Этот стереотип восприятия имел разные варианты: от возвышенных (в духе «священного безумия пророка») до издевательски-скабрезных и даже клеветнических. Из общих знакомых Достоевского и Толстого, по крайней мере, И. С. Тургенев периодически поддерживал это «прочтение» биографического образа автора «Идиота». На то, что автор «Записок сумасшедшего» учитывал эту версию, в его тексте указывает имя героя – Феденька и иронические нотки в начале повествования («боюсь сумасшедшего дома; боюсь, что там мне помешают делать мое сумасшедшее дело»16; ср. с цитированным выше началом «Сна смешного человека»).

Дополнительным указанием на наличие в «Записках…» «достоевского» псевдобиографического контекста может служить и перверсия темы сумасшествия. Речь идет о кризисе, ломающем привычное мировоззрение героя, но, к примеру, в «Исповеди» (как и во многих других автобиографических произведениях Толстого) посткризисное состояние обозначается, наоборот, как «выздоровление», «просветление», «прозрение» и т. д. «Прозрение» в форме сумасшествия – нетолстовский художественный ход.

Итак, первый смысл, возникающий в фабульной перекличке Толстого с Достоевским — именно пародийно-иронический; причем, объектом пародии здесь является не какой-либо один текст, а в целом стереотипный облик Достоевского, «вчитанная» в биографию автора «Бобка» фабула о мудрости безумца.

Однако это взаимодействие усложняется за счет художественных контекстов «Записок сумасшедшего», исходная фабула приобретает значительно более широкие и объемные коннотации. Для понимания сути этой трансформации, требуется, на наш взгляд, более подробное сопоставление «Записок сумасшедшего» с его достоевскими контекстами.

Выше уже говорилось о некотором сходстве зачинов в «Записках сумасшедшего» и «Сне смешного человека». Но есть и более интересные схождения.

Так, страх смерти, понятый как философская проблема и становящийся фундаментом мировоззрения героя, сближает картину духовной жизни героя Толстого с моральными и философскими мучениями Кириллова в «Бесах» и Ипполита Терентьева в «Идиоте».
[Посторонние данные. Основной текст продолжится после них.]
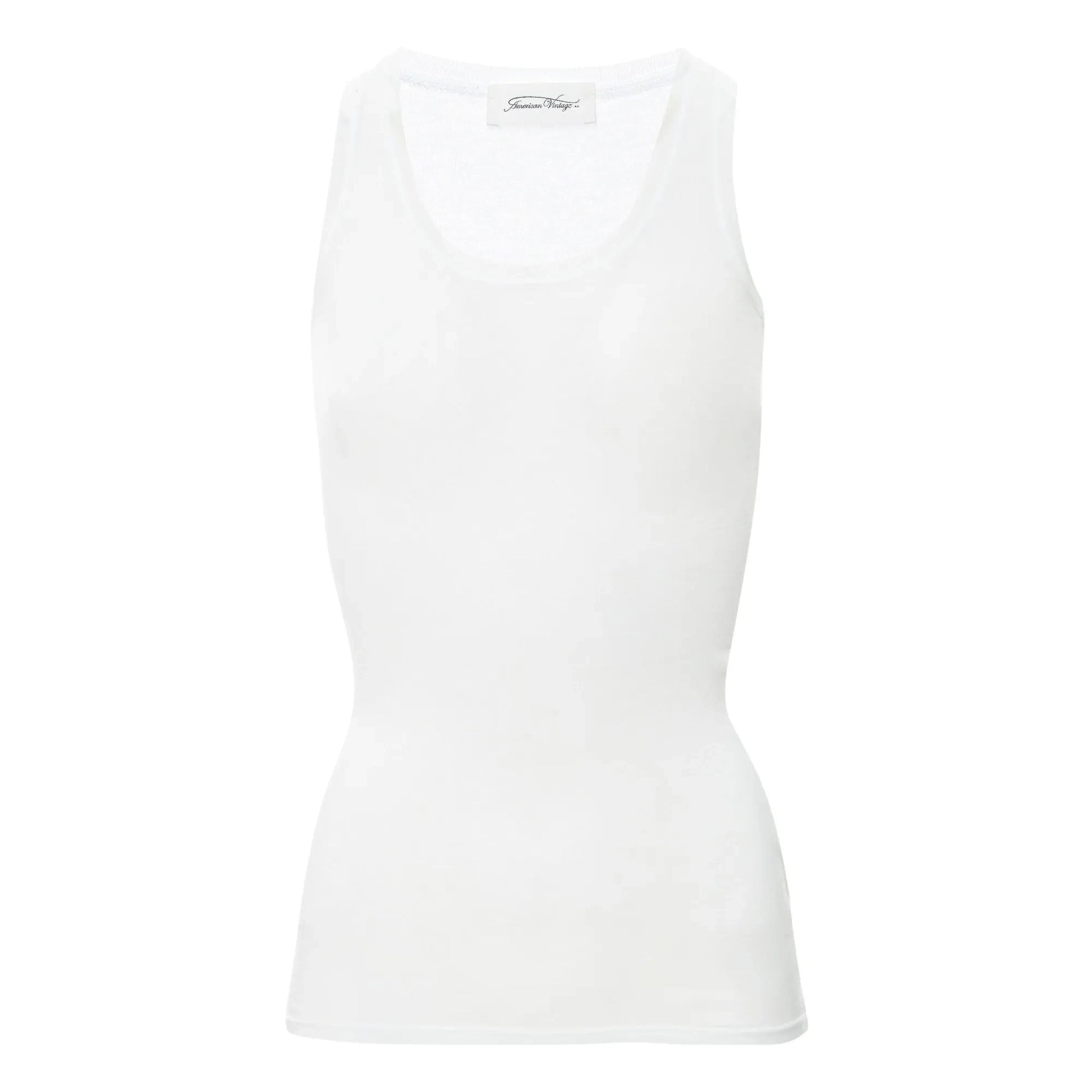 American Vintage - Massachusetts Crew Neck Tank Top | White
К примеру, тоска героя о жизни и смерти («И тоска, и тоска, такая же духовная тоска, какая бывает перед рвотой, только духовная. Жутко, страшно, кажется, что смерти страшно, а вспомнишь, подумаешь о жизни, то умирающей жизни страшно»17), его мысли о самоубийстве и страх этого шага («Умереть? Убить себя сейчас же? Боюсь. Дожидаться смерти, когда придет? Боюсь еще хуже»18) и его признание в неверии («... ответа не было, как будто и не было никого, кто бы мог отвечать. И я оставался один, сам с собой. <...> Не могу верить в будущую жизнь. Я верил, когда не всей душой спрашивал, а теперь не могу, не могу. Если бы ты был, ты бы сказал мне, людям. А нет тебя, есть одно отчаяние»19) – все это четко соотносится с характерным кирилловским комплексом «человекобога»: «Сознать, что нет бога, и не сознать в тот же раз, что сам богом стал, есть нелепость, иначе непременно убьешь себя сам <...> Все несчастны потому, что все боятся заявлять своеволие»20.
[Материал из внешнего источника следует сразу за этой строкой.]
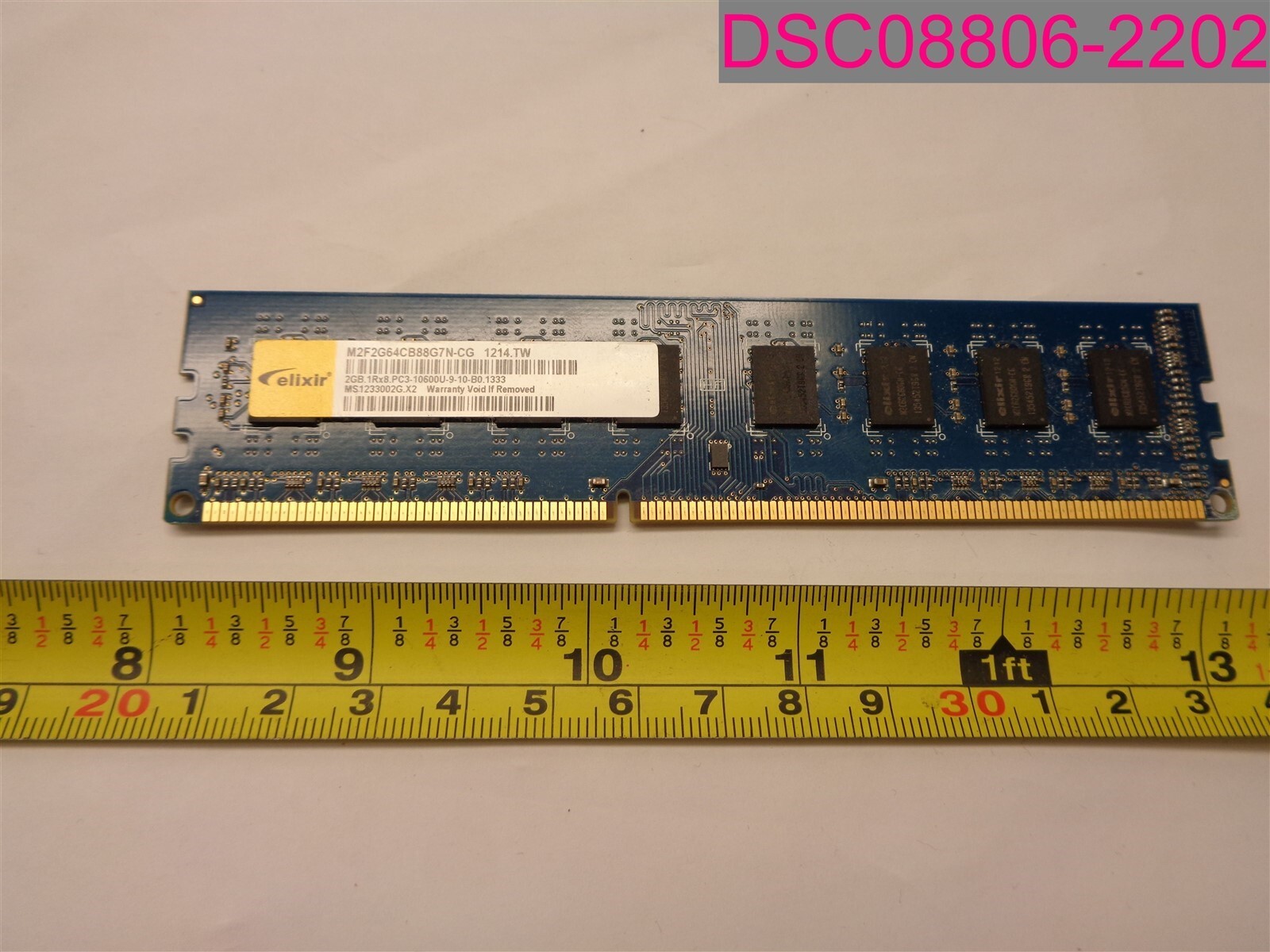 Elixir M2F2G64CB88G7N-CG Memory Ram 2GB 1Rx8 PC3-10600U-9-10-B0. 1333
Разница между двумя героями – психологическая, а не идеологическая. У толстовского помещика не хватает душевных сил на бунт. Именно этот смысл имеет сцена его блужданий по лесу во время охоты: острый и унизительный страх смерти вынуждает героя покаяться: «И я стал молить его прощенья и сам себе стал гадок <...> Я дошел до охотников, мы вернулись домой. Я был весел, но знал, что у меня есть что-то радостное, что я разберу, когда останусь один. Так и случилось. Я остался один в своем кабинетце и стал молиться, прося прощенья и вспоминая свои грехи»21.

Такое развитие характера откровенно полемично по отношению к Достоевскому, у которого раскаяние и душевное преображение грешника никогда не наступает как результат страха смерти, даже в тех случаях, когда происходит на ее пороге (Степан Трофимович в «Бесах»). Эта трансформация очень показательна.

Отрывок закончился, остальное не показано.